Low Cholesterol And Low Trans Fat Diets

Low Cholesterol And Low Trans Fat Diets

Trans fat and cholesterol take a toll on the heart and other body systems. They build up and can cause blockages that may lead to a heart attack. Any healthy diet should avoid trans fats and cholesterol to maintain a strong heart. Yet, these drugs often found in foods where you would not expect
Check Label
As the harmful effects of trans fats are more known, food manufacturers also developed resources to hide trans fat as an ingredient. Check the ingredients, not just the nutritional information. Everything listed as “partially hydrogenated” or “fat” is actually trans fats. If you find these names in the first three ingredients, leave the product on the shelf. Another way of detecting hidden trans fat is to extract from saturated fat and unsaturated fat amount from the total fat. If they do not add up, contains an element likely trans fat.

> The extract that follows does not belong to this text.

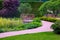 Walking walkway paved with stone tiles in park with plants and decorative bridge.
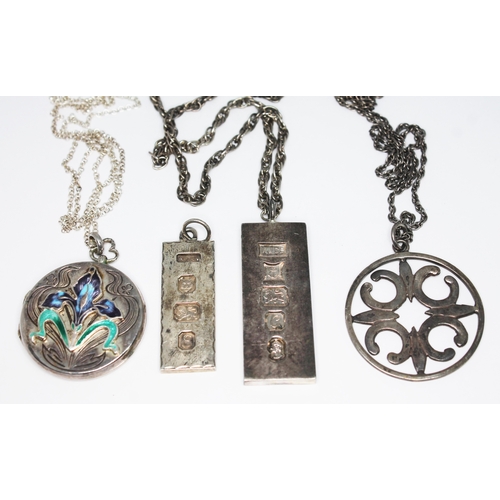 168 - A group of four hallmarked silver pendants comprising an ARt Nouveau style locket, two ingots and a ...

Avoid baked goods, Fast Food, and Canned Soup
Finished cookies, cakes and donuts are often filled with trans fats. Moreover, according to Consumer Reports, several companies have moved away from trans fats as Dunkin Donuts, Krispy Kreme, Starbucks and Tim Horton has returned to saturated fats, which contain cholesterol. If you crave cake, bake it at home with heart healthy ingredients like olive oil, canola oil, sunflower oil, and heart healthy spreads such as Benecol, Promise Activ, or Smart Balance. Avoid baking mixes and ready-to-bake biscuits, is because many of these also made with trans fats. Furthermore, canned soups usually contain trans fats, and fast food can be a carrier of both trans fat and cholesterol. Remember, many fast food chains that advertise “no trans fat” has converted into sources of saturated fat. If in doubt, call the company and ask what products they use for cooking. Vegetable oil, shortening, butter, corn oil, lard and many margarines not belong in a low-cholesterol diet.
Avoid foods with high cholesterol
Red meat, egg yolk, shrimp and milk all contain high levels of cholesterol. Instead of buying these products, buy non-fat milk, lean meats such as fish, eggs and substitutes. Cook with canola oil, olive oil, or peanut oil instead of butter or vegetable oil.
Dietary fiber and Omega-3s
Increased dietary fiber in your diet can help reduce cholesterol. Eat whole grains such as oatmeal and fresh vegetables such as spinach. Many pasta and bread are also made with whole grains. Omega-3s may also help. Try to eat healthy fish like salmon or include flaxseed, which is a major source of both fiber and omega-3s into your diet. Ground flaxseed itself can be used to reduce the amount of oil required in almost all baking recipe.